The signs of Perestroika are writ large here. In one picture of a Hanukkah performance, an immense bust of Lenin, now relegated to the theater’s wings, peers down through a slit in the curtains at a lit menorah. In the early 1990s, Peysakhov captured the tremulous revival of Jewish rituals, customs and learning. Where Russian “lovers of Zion” once sat, dreaming of a Jewish state, emissaries from Israel and the United States arrived to keep Judaism on life support. In Peysakhov’s pictures of Ukrainian yeshivas, synagogues and Jewish summer camps, you can easily pick out the Israeli and American Jews: They’re the bearded Hasidim in caftans.

But even as Judaism revives, in these images, it is fading out. Several photographs depict Jews on the verge of emigration. In “Exodus #2,” young men on a train platform give a snowy send-off to a friend. Two hold up an Israeli flag; another wields a bottle of vodka; all their faces are jolly. Still, lined up in two files, they look rather like rows of comforters awaiting a mourner. “Exodus #1,” taken up a narrow staircase, depicts three men carrying an old woman down the stairs.

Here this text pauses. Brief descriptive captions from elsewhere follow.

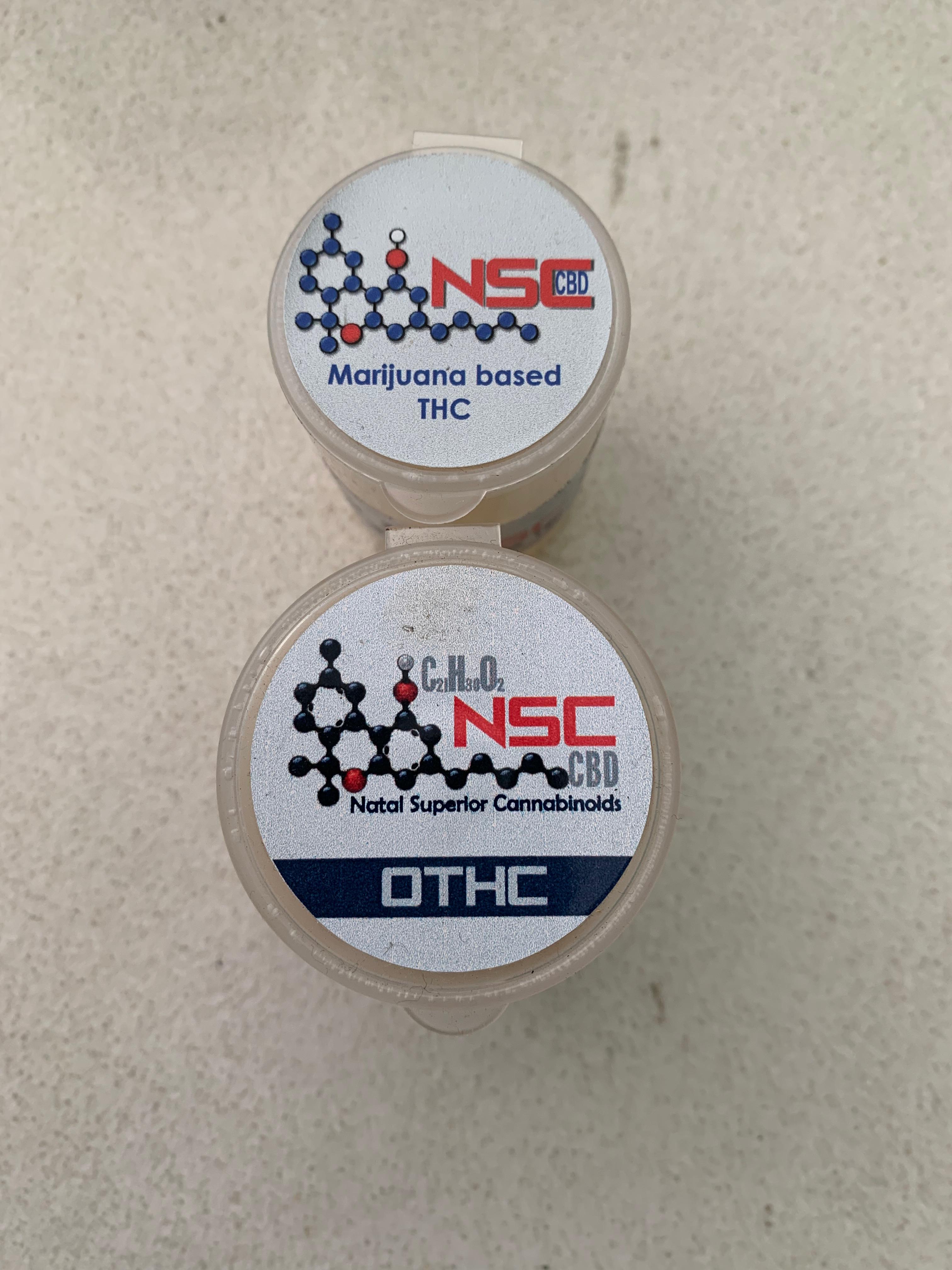 NSC THC Capsules (15 Pack)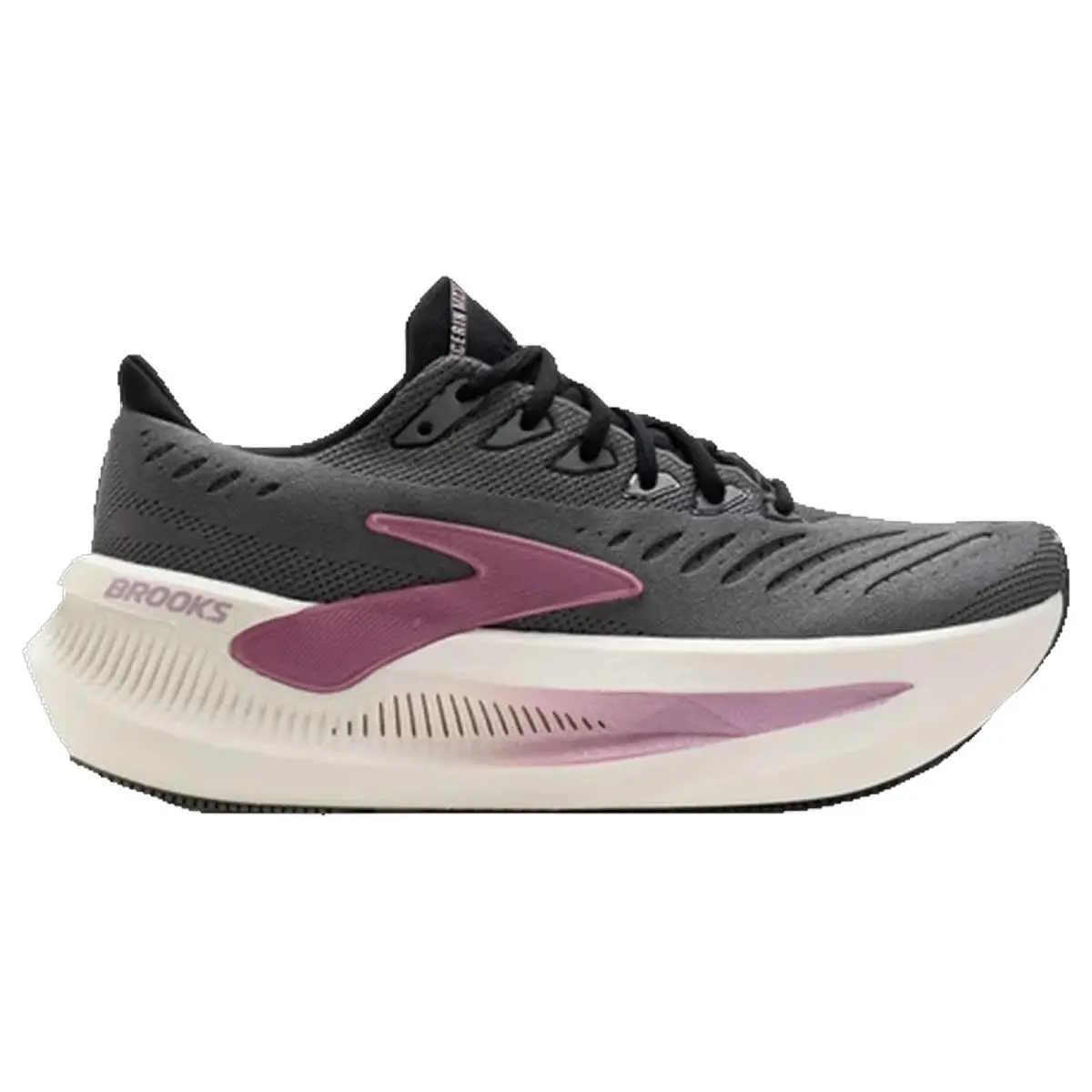 Brooks shoes - Brooks Glycerin Max 2 - Glycerin Max - 1204681B059 - Grey/Coconut/Metallic 6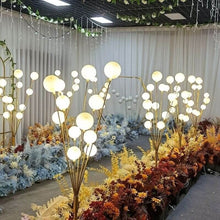 Load image into Gallery viewer, Premium LED light decorations for wedding party stage decor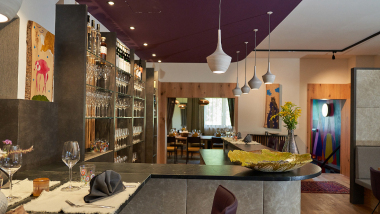 Csenscits, a restaurant in Harmisch, Austria.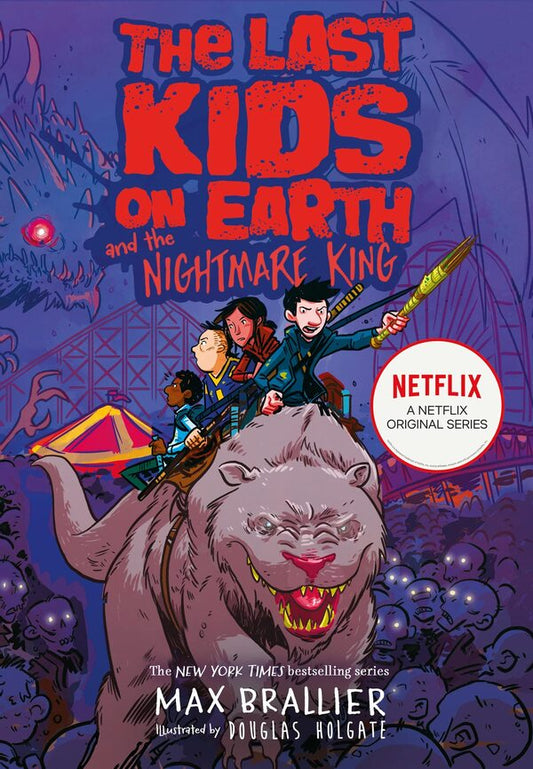 The Last Kids on Earth and the Nightmare King / The Last Kids on Earth and the Nightmare King Макс Браллье 978-1-4052-9511-6-1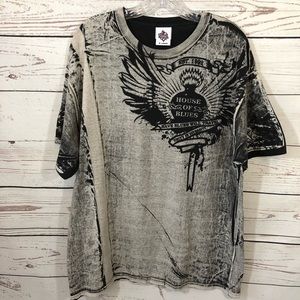 House of Blues Unity in Diversity Graphic Tee XL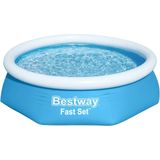 Bestway-Fast-Set-Zwembad-opblaasbaar-rond-244x66-cm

Her body stiff, tightly bundled in a wool coat, she looks like a corpse borne into the next world by pallbearers, or the bones of Joseph carried away to the Promised Land.

Black-and-white pictures of Eastern European Jews inevitably call to mind the photographic relics of those who perished in the Shoah. The titles of such albums — “Image Before My Eyes: A Photographic History of Jewish Life in Poland, 1864-l939” “A Vanished World” — ask us to regard these pictures through a scrim of sorrow. In Roman Vishniac’s famous hidden-camera shots, the subjects turn on the photographer with alarm, cradling in their arms the shoes now on display at Yad Vashem, Washington and Auschwitz.

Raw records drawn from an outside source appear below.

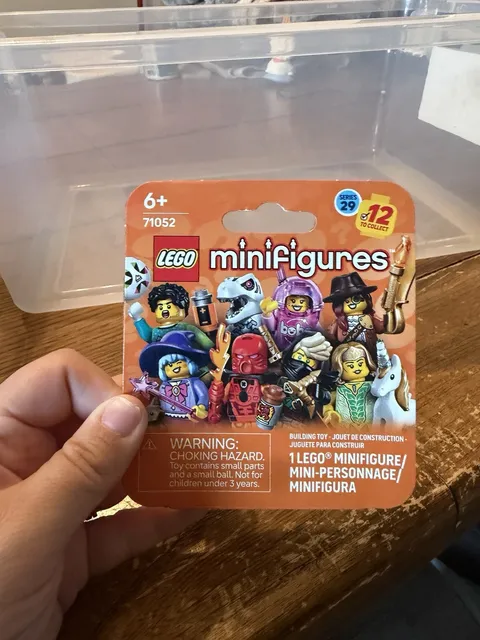 Trash Monster LEGO MINIFIGURES Series 29 Minifigure 71052 1 Piece 6+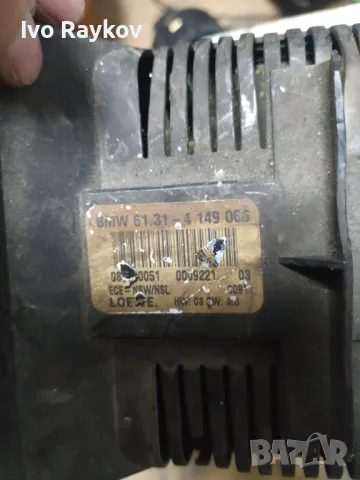 Панел светлини BMW 3 E46 , 61314149066 , снимка 4 - Части - 48159859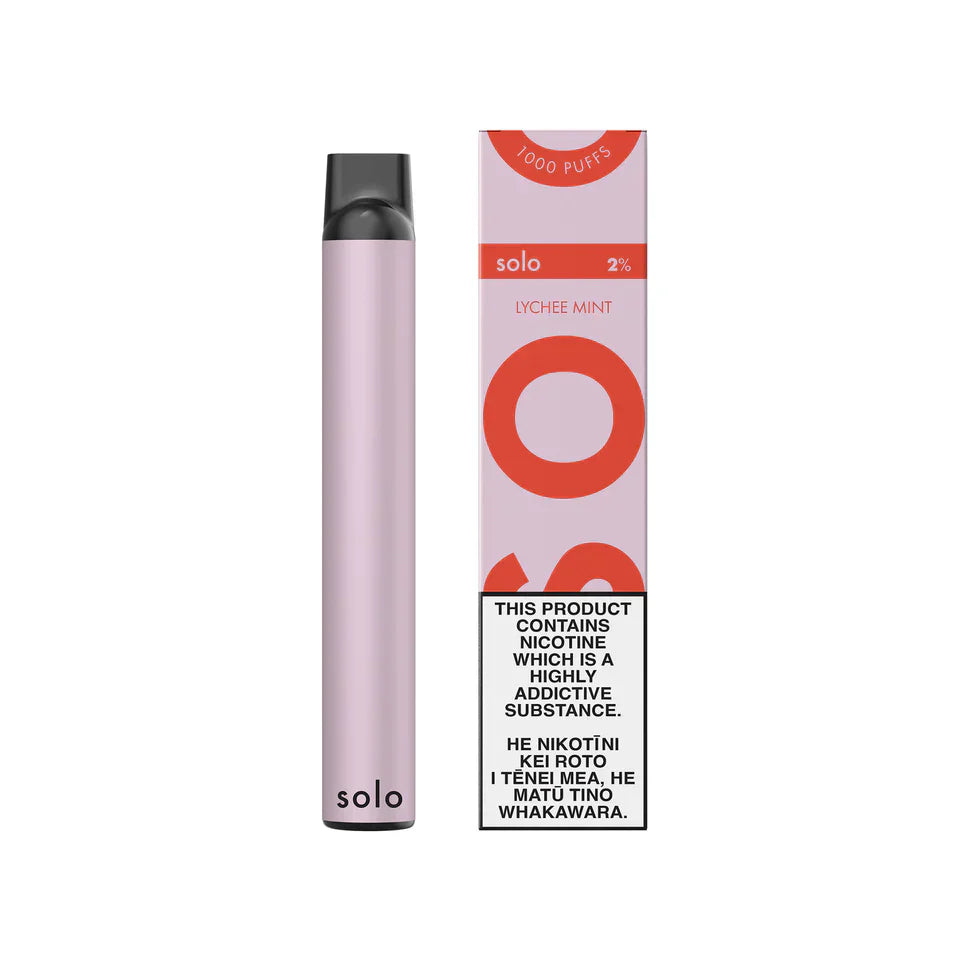 Solo Lychee Mint 2% Nicotine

Peysakhov’s pictures, though, offer a redemptive irony. Even as he captures Russian Judaism at pains to survive, he renders the vitality of Ukraine’s Jews. He does this by allowing them their ordinariness. Here they are at work, tending animals, fixing clocks, making new shoes. When not intent on their labor, his subjects look at him with a regard that can only be called tender; clearly he has earned their trust. A 6-year-old pulls her ears and mugs for him (“Ira Potapova”); a pair of schoolgirls gaze back at his camera with sublime simplicity (“Shtetl 2-01”). The most recent pictures in “The Jewish Shtetl Today” are already 10 years old, and many of the subjects are already dead. But their glory is to give us neither a vanished world nor a timeless one, but a world of presence. In Peysakhov’s photographs, Jews experience time doing what it does best: passing.

Esther Schor, professor of English at Princeton University, is writing a biography of Emma Lazarus for Nextbook/Schocken.